- Task goal: Using the data below, transcribe exactly everything from the line that contains "Imagem de Camiseta" down to the line that contains "Acorn Wood Ladder". Include both of those lines and none of the pictures.

- Records supplied:
________________________

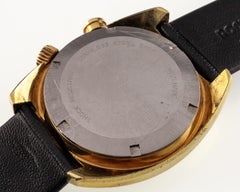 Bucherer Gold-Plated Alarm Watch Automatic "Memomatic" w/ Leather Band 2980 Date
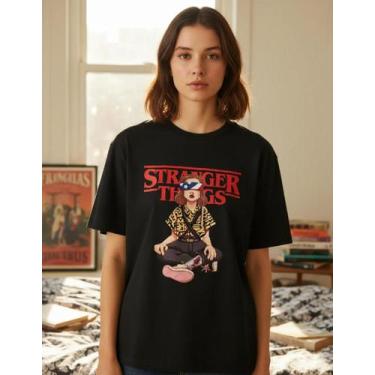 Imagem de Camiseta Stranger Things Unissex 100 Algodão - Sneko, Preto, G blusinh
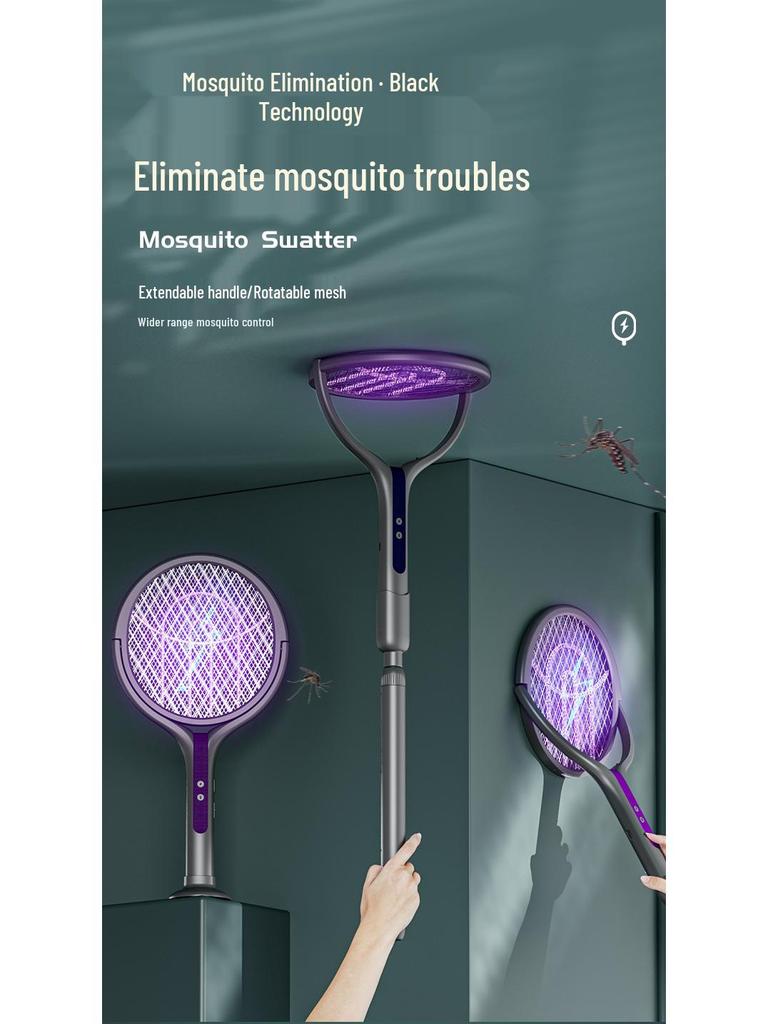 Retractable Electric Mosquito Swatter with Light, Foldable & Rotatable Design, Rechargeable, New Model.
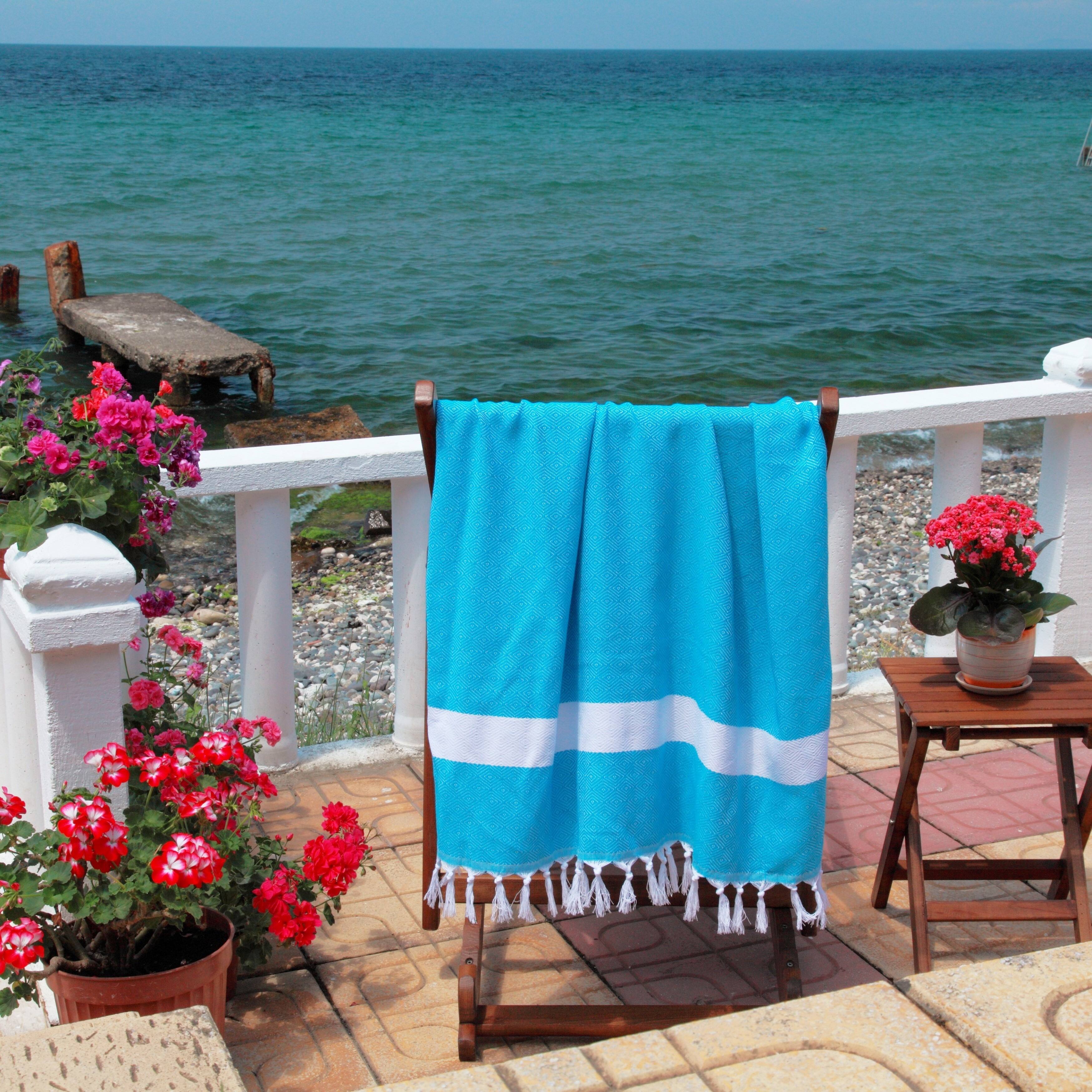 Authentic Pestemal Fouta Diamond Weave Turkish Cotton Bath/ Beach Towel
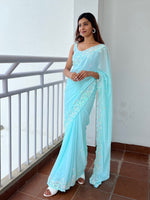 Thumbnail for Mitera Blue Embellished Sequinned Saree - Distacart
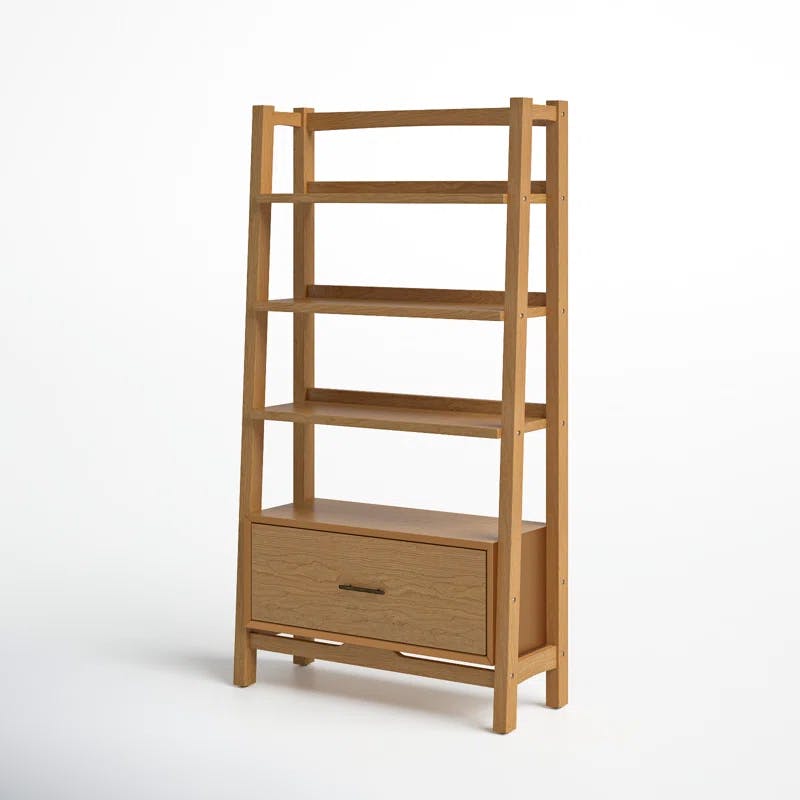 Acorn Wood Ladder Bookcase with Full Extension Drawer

________________________

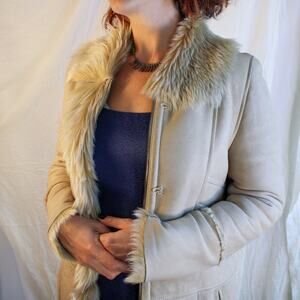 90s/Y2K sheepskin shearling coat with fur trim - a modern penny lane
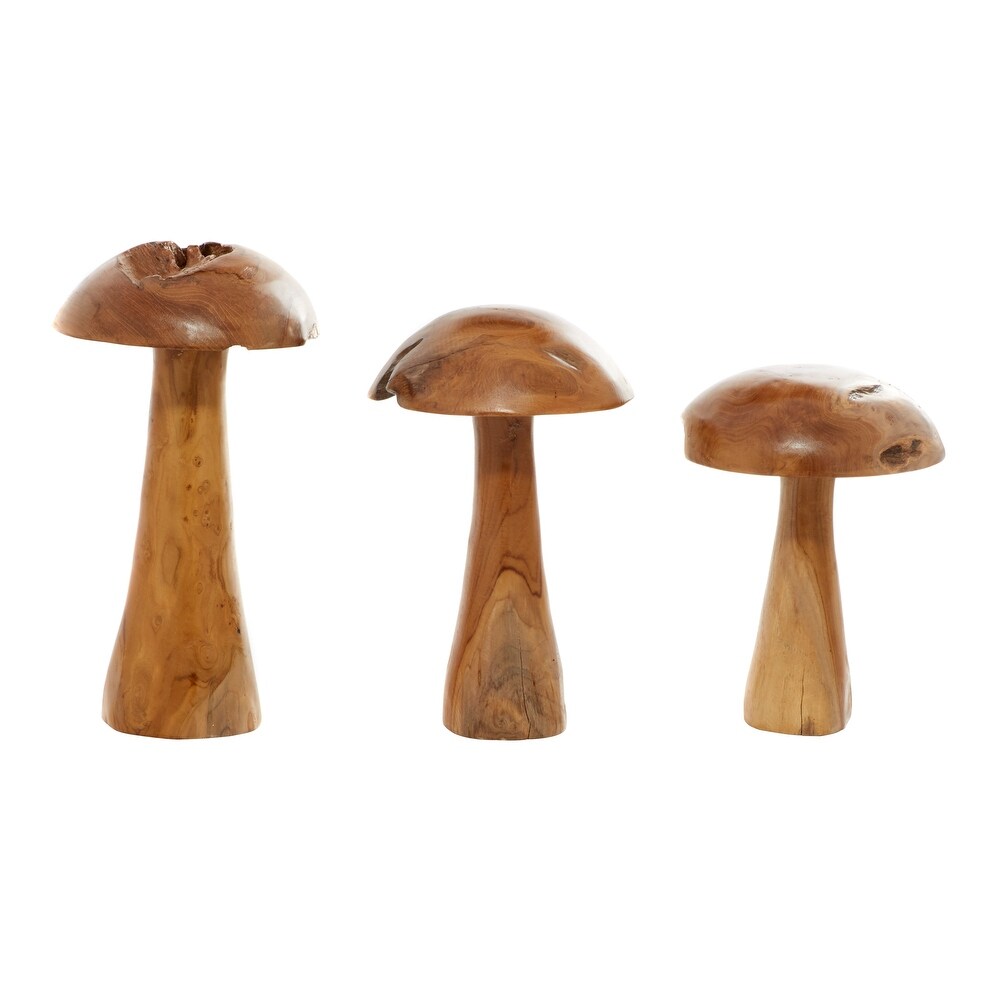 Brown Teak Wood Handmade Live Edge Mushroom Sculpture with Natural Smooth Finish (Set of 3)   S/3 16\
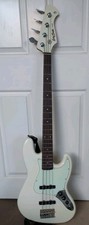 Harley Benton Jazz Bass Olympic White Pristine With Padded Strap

________________________

- Solution to the exercise:
 Imagem de Camiseta Stranger Things Unissex 100 Algodão - Sneko, Preto, G blusinh
 Retractable Electric Mosquito Swatter with Light, Foldable & Rotatable Design, Rechargeable, New Model.
 Authentic Pestemal Fouta Diamond Weave Turkish Cotton Bath/ Beach Towel
 Thumbnail for Mitera Blue Embellished Sequinned Saree - Distacart
 Acorn Wood Ladder Bookcase with Full Extension Drawer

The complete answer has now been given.